At the same time, the counselor highlighted that “by dint of the pandemic, the Judiciary had to be 100% digitized, which facilitated access to Justice” and said that during the quarantine, people, by phone or online , they could access a defender or a lawyer”.

“They are all factors that caused divorces to increase. That rise is seen as something negative, but sometimes it is a way to access Justice. Now there are even notifications on WhatsApp,” he added.

“During 2020 many activities were put on standby, but we continue working, we never stop. But it is true that many people had problems accessing justice, because the lawyer was not attending, or because there was no money to register those divorces and they were only registered in 2021,” Judge Mauro Cerdá, head of Family Court No. 8, told Télam.

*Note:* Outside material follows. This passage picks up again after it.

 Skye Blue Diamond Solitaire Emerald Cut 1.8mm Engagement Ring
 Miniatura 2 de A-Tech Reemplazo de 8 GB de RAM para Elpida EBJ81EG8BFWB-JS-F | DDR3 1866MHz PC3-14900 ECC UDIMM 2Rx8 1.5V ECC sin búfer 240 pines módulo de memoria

He asserted that “there are other circumstances: in 2021 we began to register divorces directly in the courts and that year the Registry also took out a lot of backlog.”

Still, he acknowledged that “there may also have been implications for people coming face-to-face with their partner 24/7, which brought a lot of issues to light.”

cultural changes

In this line, the lawyer specialized in Family Law Ana Rosenfeld explained that “the pandemic influenced everything: there were cultural, social, economic changes and changes in the functioning of what a couple was” and added that “there was a lot of violence and daily fighting that ended up generating separations”.

“Before it was getting up, going to work and coming back at night to have dinner and sleep. This living together 24 hours a day generated a change in the human being, in thought and in values, and caused tolerance to be lost” , he stated.

He later pointed out that “not everyone was lucky enough to have a stable economy, so work problems and economic difficulties were generated, which inevitably generates tensions in the couple” and asked to consider that “this is added to the fact that the boys did not go to school and many times there are few areas to zoom in on work and school”.

“All this could have generated an emotional imbalance in the spouses, which produced an increase in divorces”Rosenfeld estimated and highlighted: “I see people’s private lives and there are more and more inquiries for divorces or termination of concubinage. It is impressive, the pandemic has passed and left a boom.”

He reflected that “beyond the fact that couples have an expiration date”, in a pandemic “there was an internal mobilization and separations occurred not only among young people but also among middle-aged people, who have grown children and prefer to live alone rather than be ill “.

Finally, a study by the UBA Faculty of Psychology Observatory published in 2020 indicates that the coronavirus pandemic deteriorated the relationship of one in three couples, which ratifies the expressions of the specialists consulted.